The aim of the day, she said, was to “ensure that tables are cleared and set again as quickly and carefully as possible and that we don’t keep our guests waiting. This has been one of the busiest holidays and so the staff briefings leading up to this weekend have managed to make all the difference. We had an idea of what the occupancy would have been and so we were able to prepare ourselves.”
Name: Marvin Wallace
Title: Waiter
“Working in the food and beverage industry is something I love,” explained Marvin Wallace as he spoke to us in-between setting the tables in anticipation of the dinner arrivals. “I saw my sister working in this profession and I asked her how to go about it. After completing high school, I received training at Doctor’s Cave Beach Hotel and Breezes Montego Bay before working at the Ritz Carlton and now at the Grand Palladium.” Enjoying the challenge of working at the “mega resort”, Wallace shared what he liked most about serving the several hundred guests who turn up at any one time to dine: “It is amazing how quickly you would have fed up to 1,000 guests here at the buffet-style restaurant. Unlike the à la carte restaurants where there will be 250 guests dining, the experience is just not the same.”
The busy weekend has not daunted his spirit either. “I’ve been occupied all weekend and that’s a good thing,” he shared. Admitting there are issues that may arise at anytime during the day, the zealous waiter explained that, “Teamwork is a must in order to be successful. Likewise, the guest is always right, so it is best to listen and follow instructions accordingly. My philosophy is that I’m here to serve the guests to the best of my abilities. The most rewarding encouragement is to hear the guests say ‘Well done’.”
Name: Marla Forrester
Title: Waitress
“The weekend hasn’t been as tough as it could have been,” Marla Forrester shared with Thursday Food.
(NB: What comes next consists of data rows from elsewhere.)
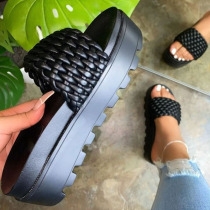 Black Fashion Street Patchwork Opend Out Door Shoes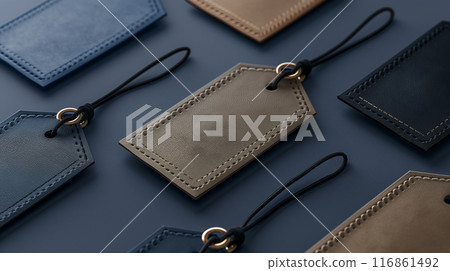 Elegant Leather Brand Tags Display Elegant Leather Brand Tags Display 116861492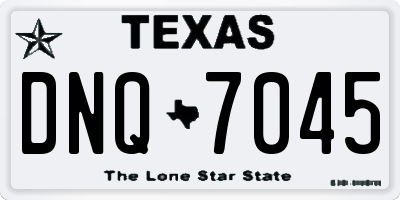 TX license plate DNQ7045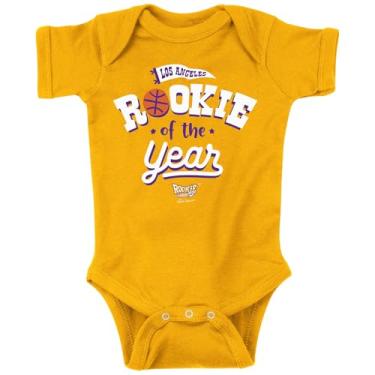 Imagem de Roupa de bebê novato do ano para fãs de basquete de LA (NB-7T) (body dourado, 12 meses)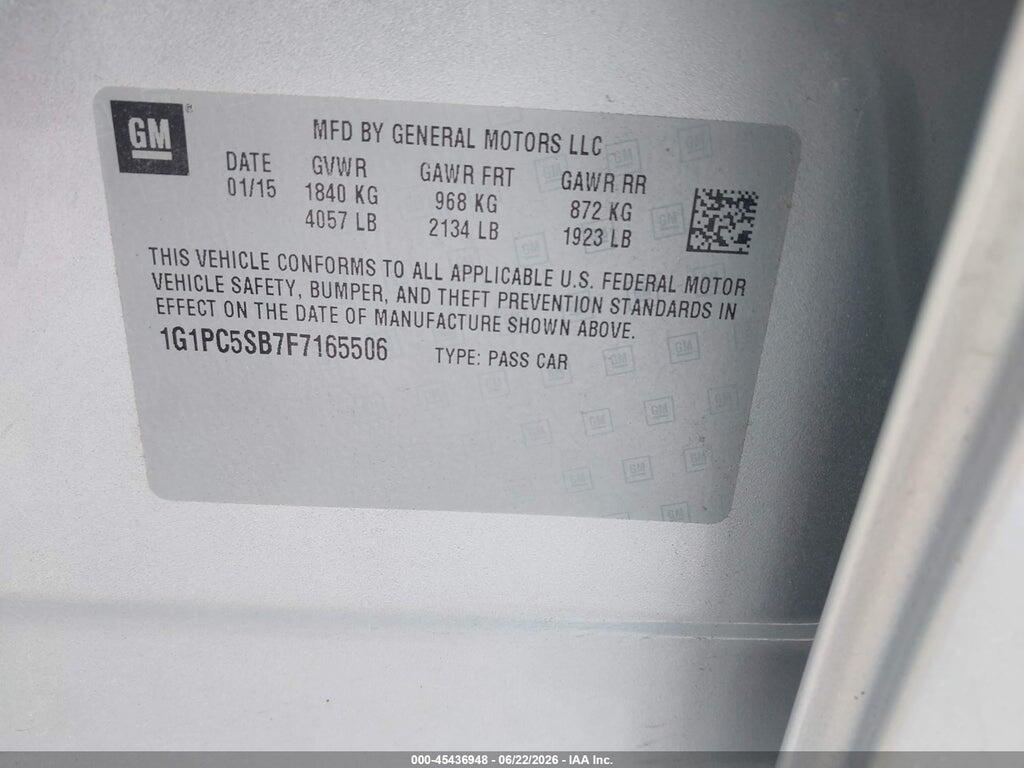1G1PC5SB7F7165506 2015 CHEVROLET CRUZE photo no. 9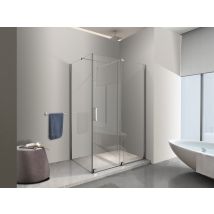 Nala Cabine De Douche D'Angle - Panneau Latéral Fixe Et Porte Frontale Coulissante Sans Cadre H 200 En Chrome Cm 120 (118-120)x140 (136-141) - 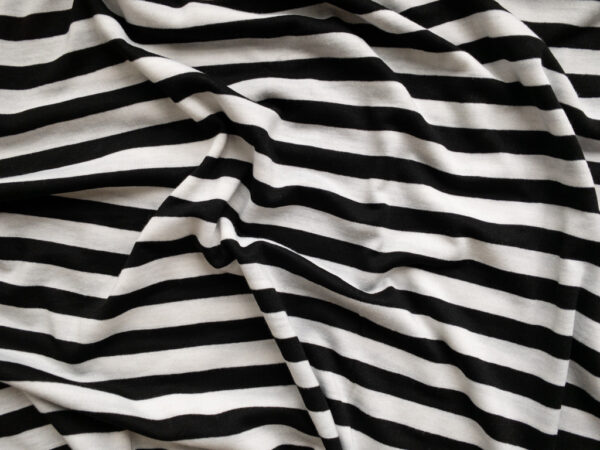 British Designer Deadstock - Viscose Jersey - Black/Ivory Stripe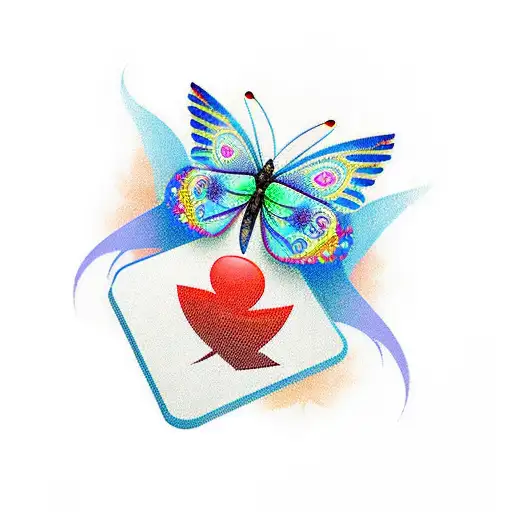gambling slots butterfly rip tattoo design idea
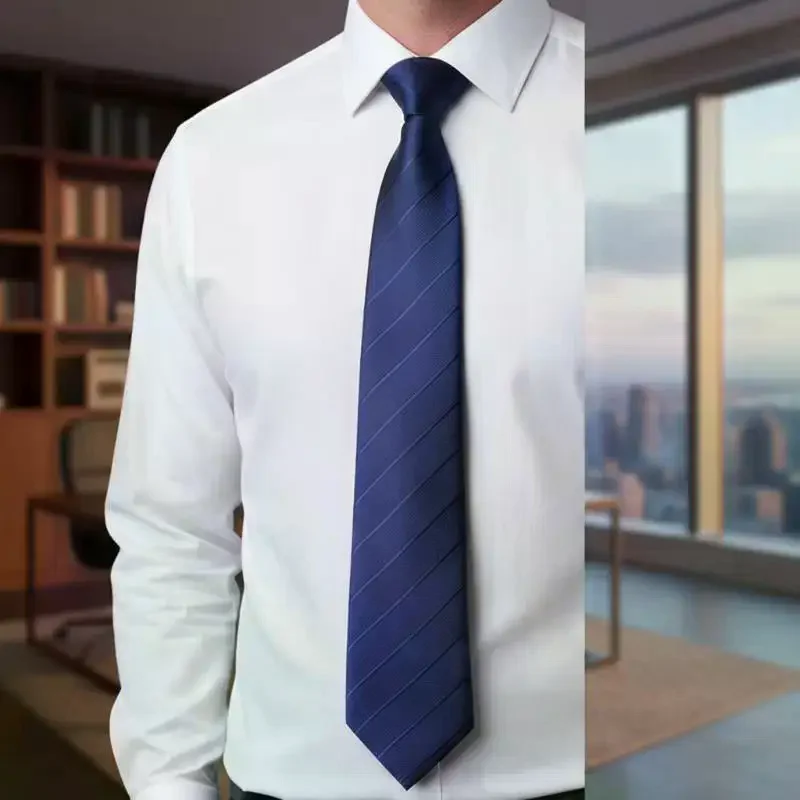 Men Striped Necktie Formal Business Wedding Tie Smooth Wrinkle Resistant Suit Accessory For Office Daily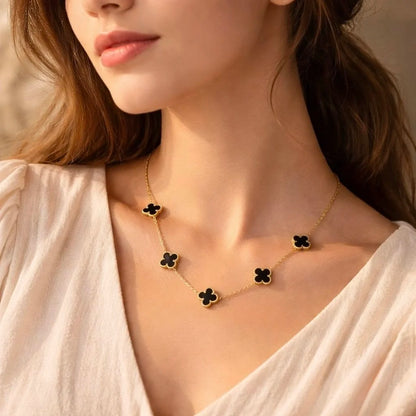 18Kt Gold Plated Black Clover Necklace for Women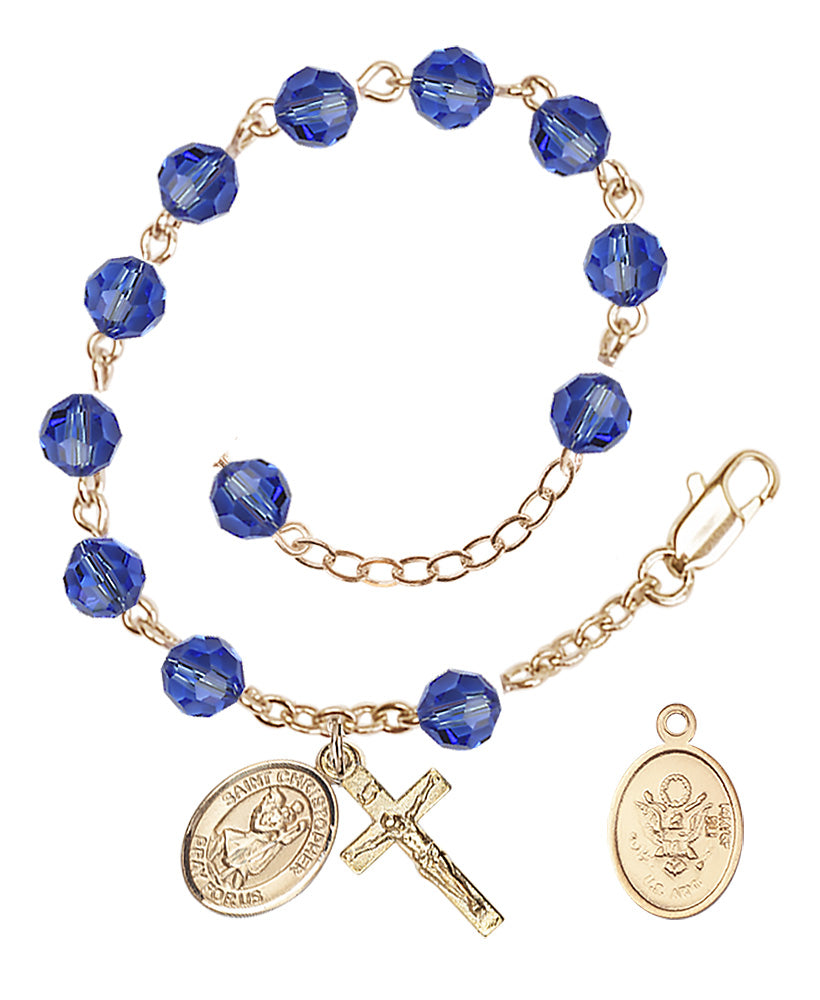 Saint Christopher Army Rosary Bracelet, 6mm Austrian Crystal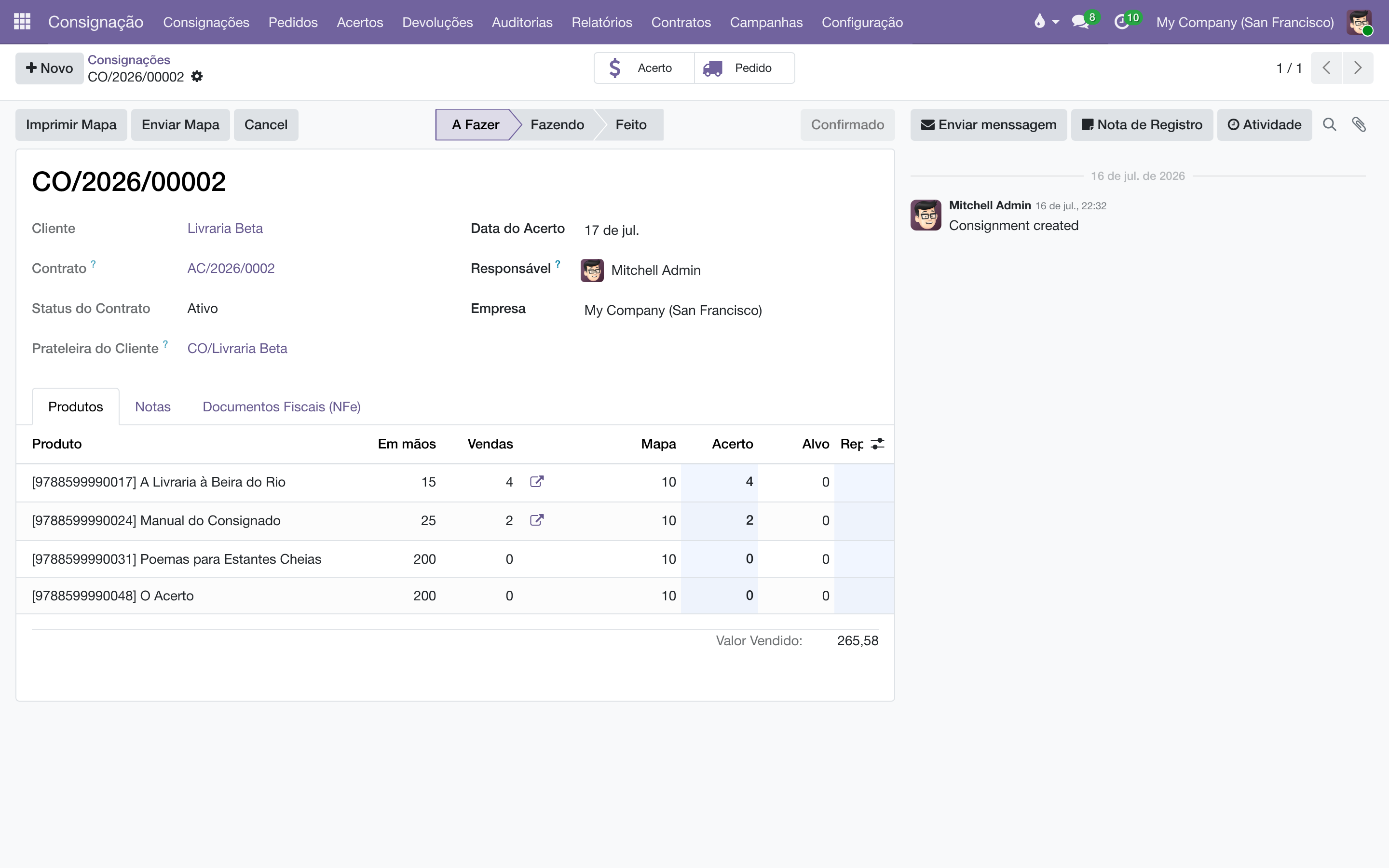 Linhas da operação de consignação com as colunas Em mãos, Vendas, Mapa, Acerto, Alvo, Reposição, Devolução e a etiqueta de Situação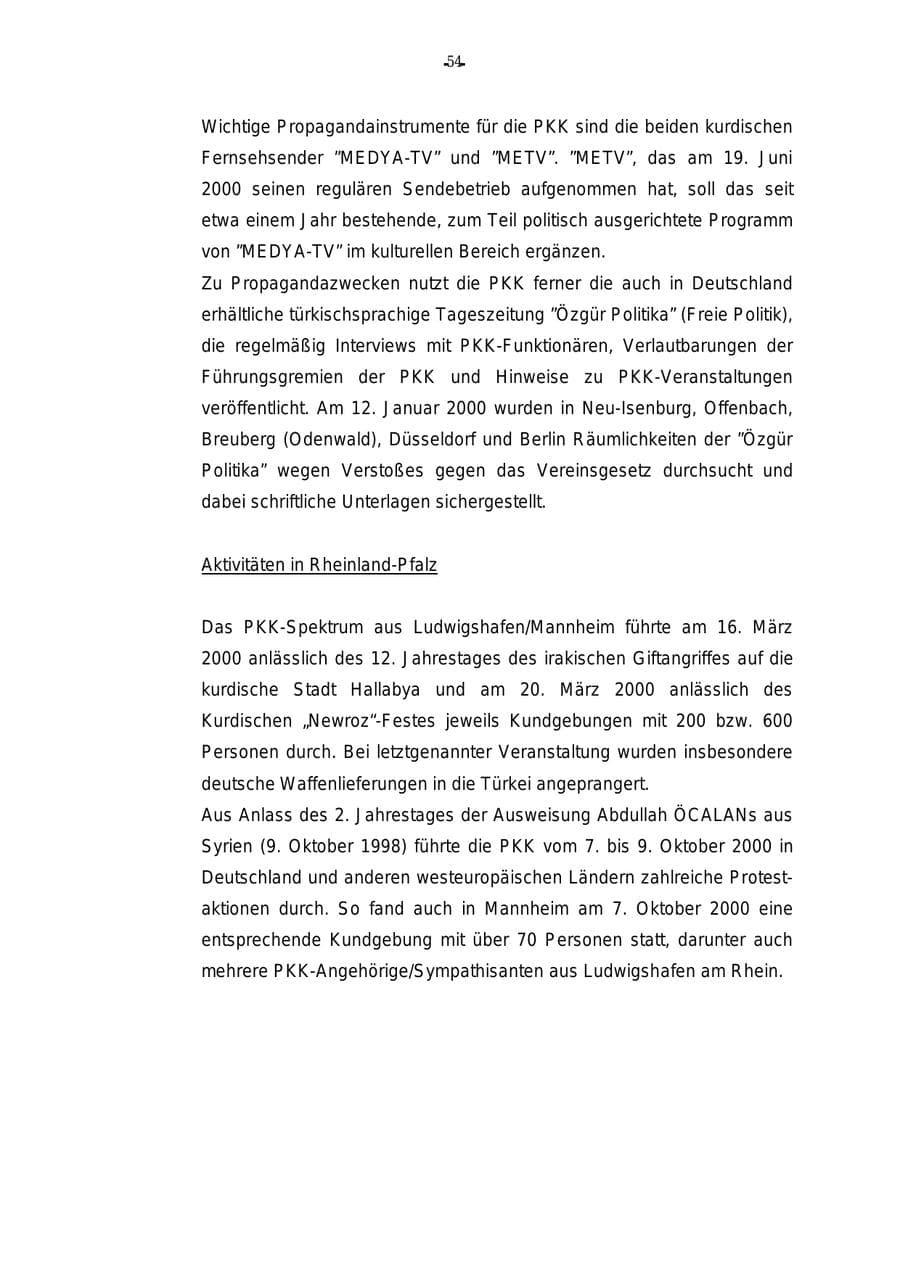 Seite 55 des Verfassungsschutzbericht 2000 Rheinland-Pfalz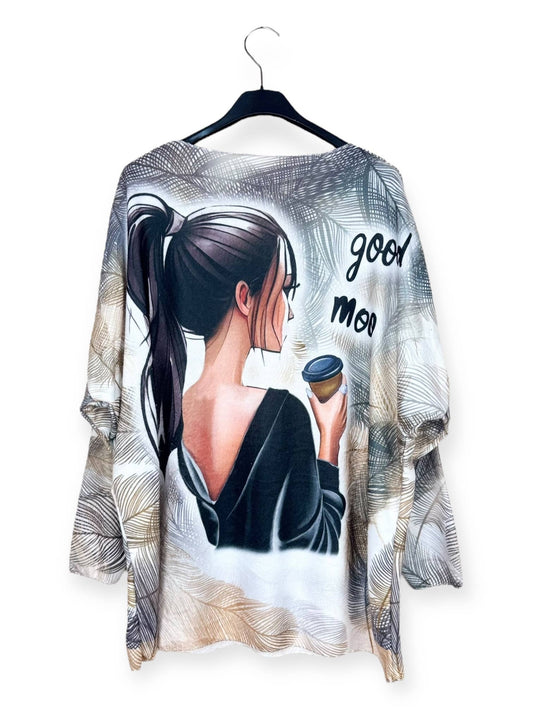 Brown/Black Haired Girl Good Mood Coffee V-Neck Sweater with Patterns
The team never had to work any extra hours and once it was clear what our duties were, we have been successfully accomplishing our tasks.” It has been smooth sailing for the waitress since she joined the staff at the hotel in February of this year. “I have done similar work with the ClubHotel Riu Negril, which is where I received essential training. The pride felt from seeing guests smile at the end of their meal does it all for me,” she shared with a smile.
At the moment, Forrester is busy learning more on the job and said the experience is critical for her to achieve her five-year goal of becoming food and beverage manager. As she works with this goal in mind, she explained, “The mission is to always treat all guests with respect and remain professional, no matter the situation. Each member of staff here has an important role to play in the continued success of the hotel.”
Name: Theresa Parkinson
Title: Waitress
It’s been just over two years since Theresa Parkinson has been working at the Grand Palladium. Having been in the profession for six years, she shared, “It’s a great opportunity for me to meet people from all walks of life. It is a great means for business opportunities and I have been fortunate to meet Danielle Steel.” Though she has not received any formal training, she was quick to point out that she has “learnt so much from actual experience. I started out in Negril working at several small hotels before becoming a member of staff at the Grand Palladium.”
For Parkinson, the major difference has been the size of the resort. “This hotel is huge and especially with the holiday season, we have to serve more than 2,000 guests on a daily basis. It is a lot of work; however, much like the health of our guests, the health of the staff is vital to completing the daily tasks.” As for her outlook on the future, the waitress shared, “Formal training is definitely in the near future and the goal is to learn as much as possible in order to attain a management position in the food and beverage industry.”